SOURCE RECORDS:

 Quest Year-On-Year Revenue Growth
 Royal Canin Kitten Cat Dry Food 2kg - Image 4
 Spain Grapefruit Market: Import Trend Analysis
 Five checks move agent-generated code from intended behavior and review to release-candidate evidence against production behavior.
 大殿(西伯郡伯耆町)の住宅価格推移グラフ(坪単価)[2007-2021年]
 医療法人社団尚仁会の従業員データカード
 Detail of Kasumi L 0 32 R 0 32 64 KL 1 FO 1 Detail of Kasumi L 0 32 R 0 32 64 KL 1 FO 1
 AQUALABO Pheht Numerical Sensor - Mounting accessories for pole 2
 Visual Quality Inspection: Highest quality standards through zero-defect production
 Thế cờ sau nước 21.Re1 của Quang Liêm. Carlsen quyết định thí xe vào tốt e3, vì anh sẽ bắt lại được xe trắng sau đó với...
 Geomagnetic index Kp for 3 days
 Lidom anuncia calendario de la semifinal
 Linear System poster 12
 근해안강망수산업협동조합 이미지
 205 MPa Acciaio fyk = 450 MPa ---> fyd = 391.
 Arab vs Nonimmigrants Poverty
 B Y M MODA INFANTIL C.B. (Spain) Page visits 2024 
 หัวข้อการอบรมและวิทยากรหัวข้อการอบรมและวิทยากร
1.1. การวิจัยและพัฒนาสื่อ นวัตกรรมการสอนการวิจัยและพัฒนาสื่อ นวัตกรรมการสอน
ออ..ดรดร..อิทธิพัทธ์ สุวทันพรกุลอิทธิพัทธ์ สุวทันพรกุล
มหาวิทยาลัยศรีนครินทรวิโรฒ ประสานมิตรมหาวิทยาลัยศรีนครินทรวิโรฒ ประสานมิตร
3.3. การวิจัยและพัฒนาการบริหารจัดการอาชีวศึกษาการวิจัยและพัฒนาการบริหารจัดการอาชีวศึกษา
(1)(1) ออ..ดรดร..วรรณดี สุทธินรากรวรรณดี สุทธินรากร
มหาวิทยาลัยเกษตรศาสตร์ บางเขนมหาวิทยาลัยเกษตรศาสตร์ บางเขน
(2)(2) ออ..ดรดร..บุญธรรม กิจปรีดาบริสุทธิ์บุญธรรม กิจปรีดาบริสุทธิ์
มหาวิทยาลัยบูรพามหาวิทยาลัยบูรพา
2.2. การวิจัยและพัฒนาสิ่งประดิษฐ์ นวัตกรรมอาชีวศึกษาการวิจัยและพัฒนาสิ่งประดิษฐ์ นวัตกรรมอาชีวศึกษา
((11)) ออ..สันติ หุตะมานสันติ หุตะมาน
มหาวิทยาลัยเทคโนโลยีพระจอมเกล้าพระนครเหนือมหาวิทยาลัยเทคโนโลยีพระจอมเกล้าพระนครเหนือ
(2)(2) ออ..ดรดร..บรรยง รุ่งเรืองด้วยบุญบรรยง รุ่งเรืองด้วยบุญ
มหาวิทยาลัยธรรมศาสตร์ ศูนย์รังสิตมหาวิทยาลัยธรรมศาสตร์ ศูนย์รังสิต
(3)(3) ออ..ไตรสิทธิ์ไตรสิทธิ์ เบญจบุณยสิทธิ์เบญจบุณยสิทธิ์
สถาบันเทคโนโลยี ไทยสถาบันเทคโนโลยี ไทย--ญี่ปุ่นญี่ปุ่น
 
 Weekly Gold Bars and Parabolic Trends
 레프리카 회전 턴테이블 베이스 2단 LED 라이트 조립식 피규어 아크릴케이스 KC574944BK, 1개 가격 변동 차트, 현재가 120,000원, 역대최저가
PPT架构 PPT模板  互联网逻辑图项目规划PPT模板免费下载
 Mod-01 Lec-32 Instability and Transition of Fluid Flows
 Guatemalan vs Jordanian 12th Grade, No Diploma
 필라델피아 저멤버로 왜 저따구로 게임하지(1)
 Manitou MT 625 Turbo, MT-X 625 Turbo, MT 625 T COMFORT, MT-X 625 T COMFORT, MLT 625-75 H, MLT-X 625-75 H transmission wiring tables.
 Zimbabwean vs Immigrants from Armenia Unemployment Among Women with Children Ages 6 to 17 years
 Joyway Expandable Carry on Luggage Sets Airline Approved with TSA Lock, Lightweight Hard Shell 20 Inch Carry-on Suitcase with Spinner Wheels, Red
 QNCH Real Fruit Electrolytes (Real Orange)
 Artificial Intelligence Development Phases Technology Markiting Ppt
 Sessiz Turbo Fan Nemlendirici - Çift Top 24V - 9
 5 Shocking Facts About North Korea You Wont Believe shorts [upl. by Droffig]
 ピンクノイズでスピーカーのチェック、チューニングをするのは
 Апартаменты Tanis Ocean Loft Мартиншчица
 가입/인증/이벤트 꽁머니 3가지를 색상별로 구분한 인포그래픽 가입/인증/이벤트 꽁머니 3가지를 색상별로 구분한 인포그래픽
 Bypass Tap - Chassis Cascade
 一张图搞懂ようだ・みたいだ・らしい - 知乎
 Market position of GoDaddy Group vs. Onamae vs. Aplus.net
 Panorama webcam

EXERCISE: Copy each record from above without leaving any out.

TASK RESPONSE:
 Quest Year-On-Year Revenue Growth
 Royal Canin Kitten Cat Dry Food 2kg - Image 4
 Spain Grapefruit Market: Import Trend Analysis
 Five checks move agent-generated code from intended behavior and review to release-candidate evidence against production behavior.
 大殿(西伯郡伯耆町)の住宅価格推移グラフ(坪単価)[2007-2021年]
 医療法人社団尚仁会の従業員データカード
 Detail of Kasumi L 0 32 R 0 32 64 KL 1 FO 1 Detail of Kasumi L 0 32 R 0 32 64 KL 1 FO 1
 AQUALABO Pheht Numerical Sensor - Mounting accessories for pole 2
 Visual Quality Inspection: Highest quality standards through zero-defect production
 Thế cờ sau nước 21.Re1 của Quang Liêm. Carlsen quyết định thí xe vào tốt e3, vì anh sẽ bắt lại được xe trắng sau đó với...
 Geomagnetic index Kp for 3 days
 Lidom anuncia calendario de la semifinal
 Linear System poster 12
 근해안강망수산업협동조합 이미지
 205 MPa Acciaio fyk = 450 MPa ---> fyd = 391.
 Arab vs Nonimmigrants Poverty
 B Y M MODA INFANTIL C.B. (Spain) Page visits 2024 
 หัวข้อการอบรมและวิทยากรหัวข้อการอบรมและวิทยากร
1.1. การวิจัยและพัฒนาสื่อ นวัตกรรมการสอนการวิจัยและพัฒนาสื่อ นวัตกรรมการสอน
ออ..ดรดร..อิทธิพัทธ์ สุวทันพรกุลอิทธิพัทธ์ สุวทันพรกุล
มหาวิทยาลัยศรีนครินทรวิโรฒ ประสานมิตรมหาวิทยาลัยศรีนครินทรวิโรฒ ประสานมิตร
3.3. การวิจัยและพัฒนาการบริหารจัดการอาชีวศึกษาการวิจัยและพัฒนาการบริหารจัดการอาชีวศึกษา
(1)(1) ออ..ดรดร..วรรณดี สุทธินรากรวรรณดี สุทธินรากร
มหาวิทยาลัยเกษตรศาสตร์ บางเขนมหาวิทยาลัยเกษตรศาสตร์ บางเขน
(2)(2) ออ..ดรดร..บุญธรรม กิจปรีดาบริสุทธิ์บุญธรรม กิจปรีดาบริสุทธิ์
มหาวิทยาลัยบูรพามหาวิทยาลัยบูรพา
2.2. การวิจัยและพัฒนาสิ่งประดิษฐ์ นวัตกรรมอาชีวศึกษาการวิจัยและพัฒนาสิ่งประดิษฐ์ นวัตกรรมอาชีวศึกษา
((11)) ออ..สันติ หุตะมานสันติ หุตะมาน
มหาวิทยาลัยเทคโนโลยีพระจอมเกล้าพระนครเหนือมหาวิทยาลัยเทคโนโลยีพระจอมเกล้าพระนครเหนือ
(2)(2) ออ..ดรดร..บรรยง รุ่งเรืองด้วยบุญบรรยง รุ่งเรืองด้วยบุญ
มหาวิทยาลัยธรรมศาสตร์ ศูนย์รังสิตมหาวิทยาลัยธรรมศาสตร์ ศูนย์รังสิต
(3)(3) ออ..ไตรสิทธิ์ไตรสิทธิ์ เบญจบุณยสิทธิ์เบญจบุณยสิทธิ์
สถาบันเทคโนโลยี ไทยสถาบันเทคโนโลยี ไทย--ญี่ปุ่นญี่ปุ่น
 
 Weekly Gold Bars and Parabolic Trends
 레프리카 회전 턴테이블 베이스 2단 LED 라이트 조립식 피규어 아크릴케이스 KC574944BK, 1개 가격 변동 차트, 현재가 120,000원, 역대최저가
PPT架构 PPT模板  互联网逻辑图项目规划PPT模板免费下载
 Mod-01 Lec-32 Instability and Transition of Fluid Flows
 Guatemalan vs Jordanian 12th Grade, No Diploma
 필라델피아 저멤버로 왜 저따구로 게임하지(1)
 Manitou MT 625 Turbo, MT-X 625 Turbo, MT 625 T COMFORT, MT-X 625 T COMFORT, MLT 625-75 H, MLT-X 625-75 H transmission wiring tables.
 Zimbabwean vs Immigrants from Armenia Unemployment Among Women with Children Ages 6 to 17 years
 Joyway Expandable Carry on Luggage Sets Airline Approved with TSA Lock, Lightweight Hard Shell 20 Inch Carry-on Suitcase with Spinner Wheels, Red
 QNCH Real Fruit Electrolytes (Real Orange)
 Artificial Intelligence Development Phases Technology Markiting Ppt
 Sessiz Turbo Fan Nemlendirici - Çift Top 24V - 9
 5 Shocking Facts About North Korea You Wont Believe shorts [upl. by Droffig]
 ピンクノイズでスピーカーのチェック、チューニングをするのは
 Апартаменты Tanis Ocean Loft Мартиншчица
 가입/인증/이벤트 꽁머니 3가지를 색상별로 구분한 인포그래픽 가입/인증/이벤트 꽁머니 3가지를 색상별로 구분한 인포그래픽
 Bypass Tap - Chassis Cascade
 一张图搞懂ようだ・みたいだ・らしい - 知乎
 Market position of GoDaddy Group vs. Onamae vs. Aplus.net
 Panorama webcam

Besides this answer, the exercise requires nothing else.